Thursday, July 1, 2010

AZFC President on OSTWG Report


The past year I have been working with the Online Safety and Technology Working Group that was commissioned by the U.S. Congress to report on the latest findings and recommendations about the safety of children while online. Many good things have come from the report, especially useful in the world of analysis and academia.

For parents however, the report says what we know: the Internet and technology are changing faster than we can keep up with and make rules for; children are so immersed in technology they hardly separate virtual from reality, and schools need to use technology that is available and educate children on digital citizenship.

Because the report is trying to be forward thinking, it does not address the issues that still are haunting and frustrated families and educators: explicit material being shoved into our homes, on our phones, and child's phones no matter how we try to stop it, and places of education that have become sexually charged environments due to the overwhelming amount of explicit content accessible by children on the Internet.

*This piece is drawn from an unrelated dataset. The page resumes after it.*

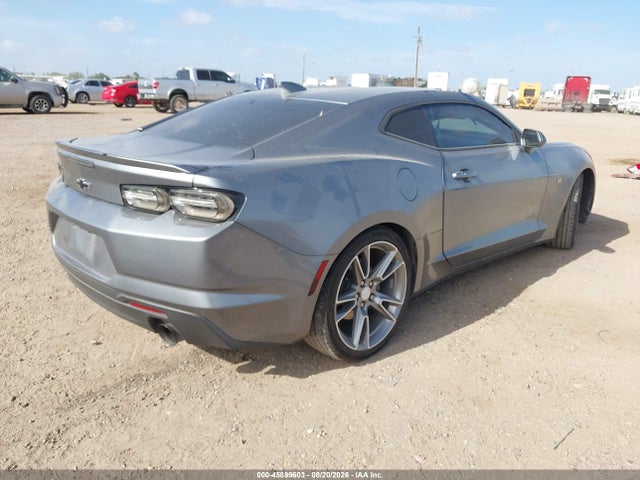 45899603 :رقم المزاد ، 1G1FB1RX8K0155658 vin ، 2019 Chevrolet Camaro 1lt مزاد بيع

Parents, schools, the technology industry, and the government should realize that children accessing pornography intentionally and inadvertently most certainly continues to be a significant danger to our children online. Families, parents, and schools struggle to keep explicit content and all its consequences away from children.

It is true that this is not a new problem, or a fashionable one. But the fashionable ones like cyberbullying and sexting are often just consequences of children viewing, mimicking, sharing, and producing their own forms of pornography.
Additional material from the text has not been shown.